La relation transactionnelle Ankara-Moscou préfigure-t-elle le monde de demain ?
"Si vous voulez comprendre la politique internationale dans cette ère nouvelle, regardez au sud, sur la rive opposée de la mer Noire", écrit le politologue Fiodor Loukjanov, qui avoue être impressionné par "la capacité du Président turc à obtenir des dividendes géopolitiques" de la crise en Ukraine, elle marque, selon cet expert russe, "l'apothéose de l'art d'Erdogan". Ce modèle de "coopération compétitive" montre comment la Turquie peut coexister avec un poids-lourd régional dans une relation transactionnelle, estime pour sa part Aslı Aydıntaşbaş. Trois principes guident aujourd'hui la politique turque de la Russie, analyse Maxim Suchkov, chercheur au MGIMO : la compréhension des enjeux de sécurité turcs, la prise en compte des "lignes rouges" et des marges de compromis possibles, l'utilisation des erreurs des autres partenaires d'Ankara, notamment des États-Unis. Pour Moscou, la coopération avec la Turquie lui permet de renforcer sa souveraineté stratégique, alors que cette dernière voit dans la Russie le moyen d'affirmer son autorité de grande puissance. Tant que ce commun dénominateur subsiste, "la plasticité de ces relations l'emportera sur la fragilité", affirme Maxim Suchkov.
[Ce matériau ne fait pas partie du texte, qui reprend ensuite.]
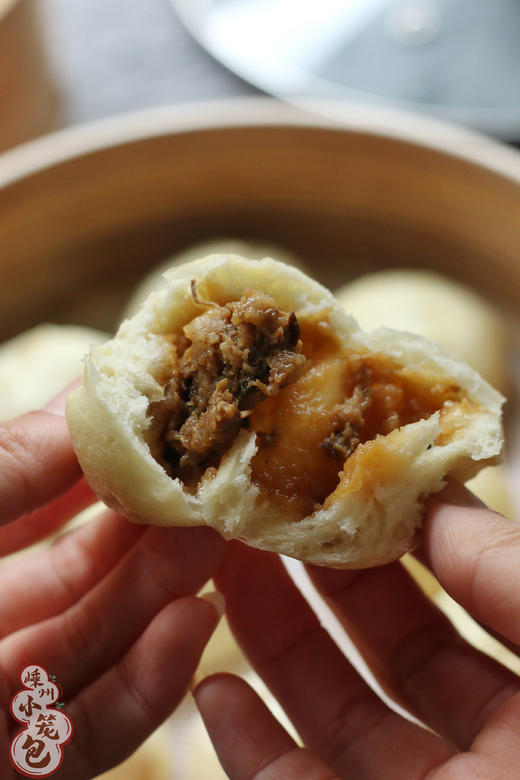 【嵊州小笼包】坚持只用当天新鲜猪后腿肉，老面发酵，拒绝泡打粉，纯手工包制而成。外皮暄软饱满，自带麦香，馅料葱香肉鲜，太绝了！【现货，72小时内发货】 商品图2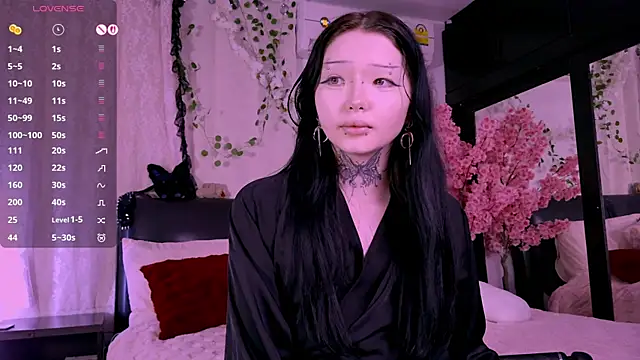 Lein Bone online show from 1, 11, 2025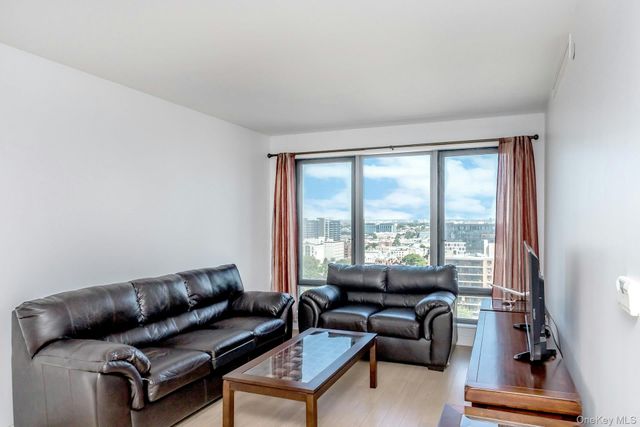 138-35 39th Avenue 13L, Flushing, NY 11354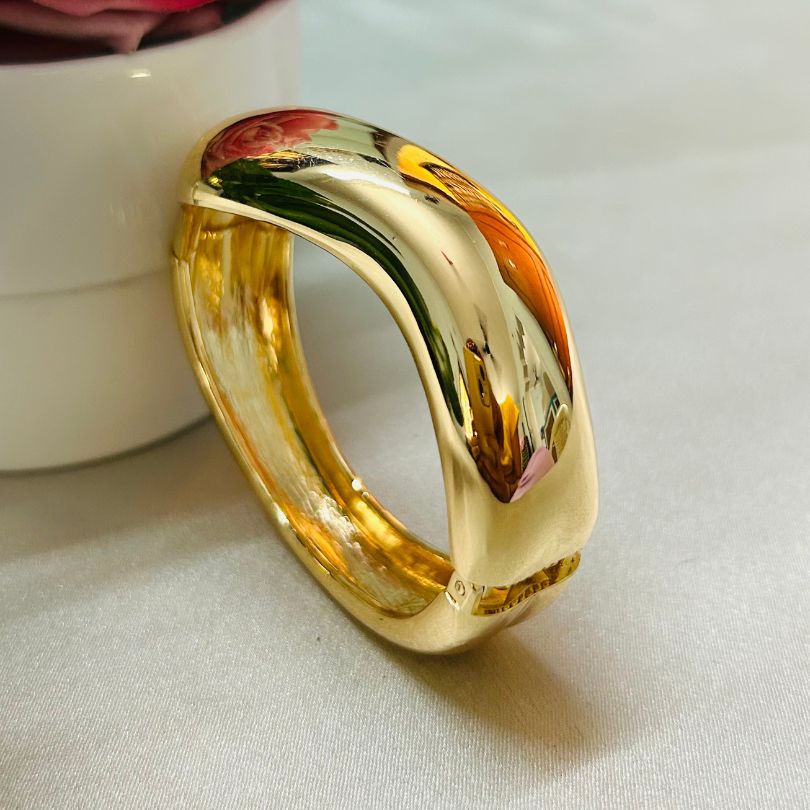 Shiny Spiral Openable Kada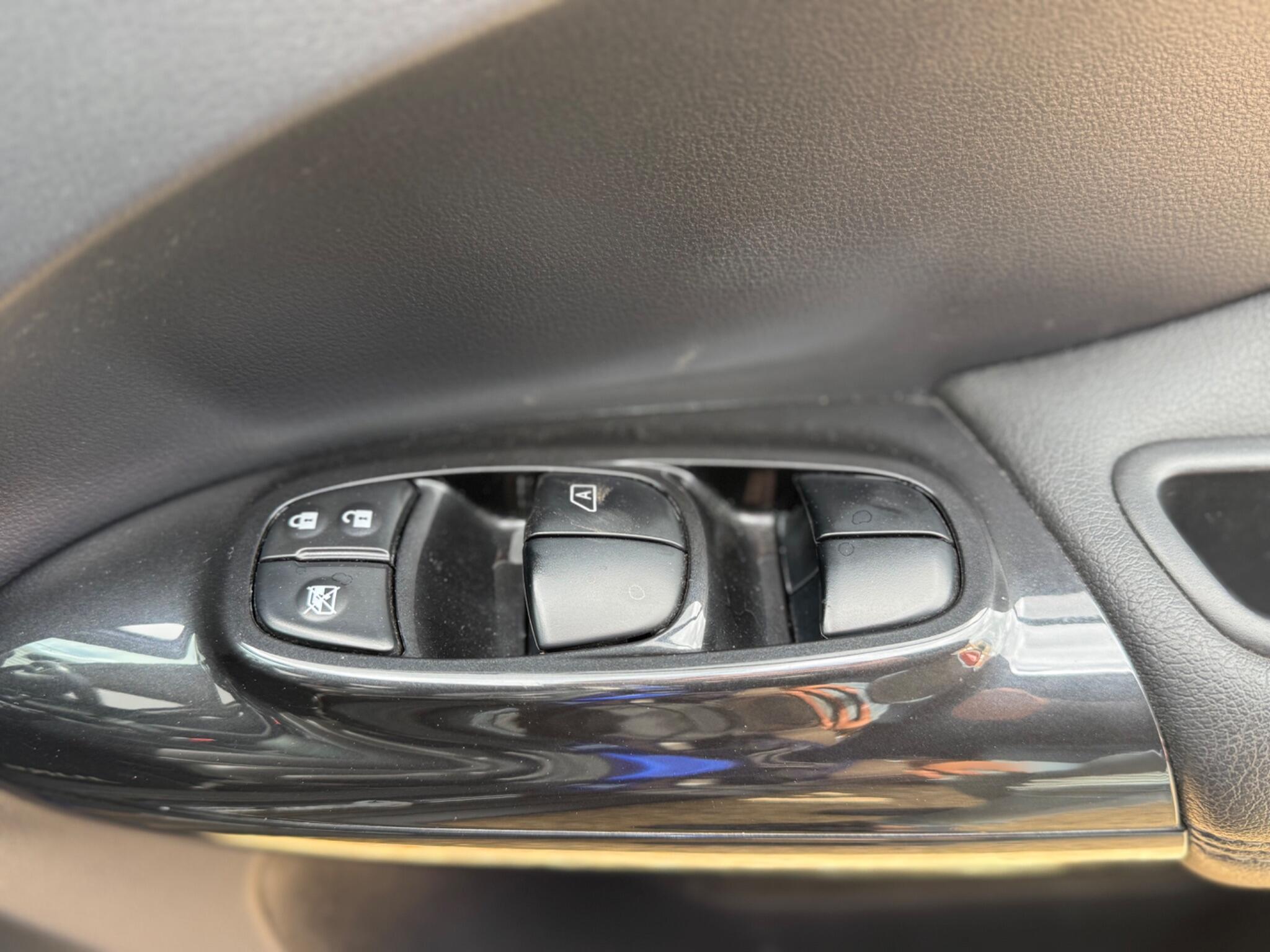 Nissan Juke view 24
Il est vrai aussi que le tour pris par ces relations doit beaucoup à la personnalité des deux Présidents turc et russe, "plus à l’aise dans un monde où les alliances sont transitoires et transactionnelles et où les grandes puissances traditionnelles déterminent l’agenda", comme le remarque Thomas de Waal. Ces deux dirigeants, menacés l'un par une défaite militaire en Ukraine, l'autre par une défaite électorale, l'an prochain, partagent un même objectif, se maintenir au pouvoir, et leur collaboration y contribue.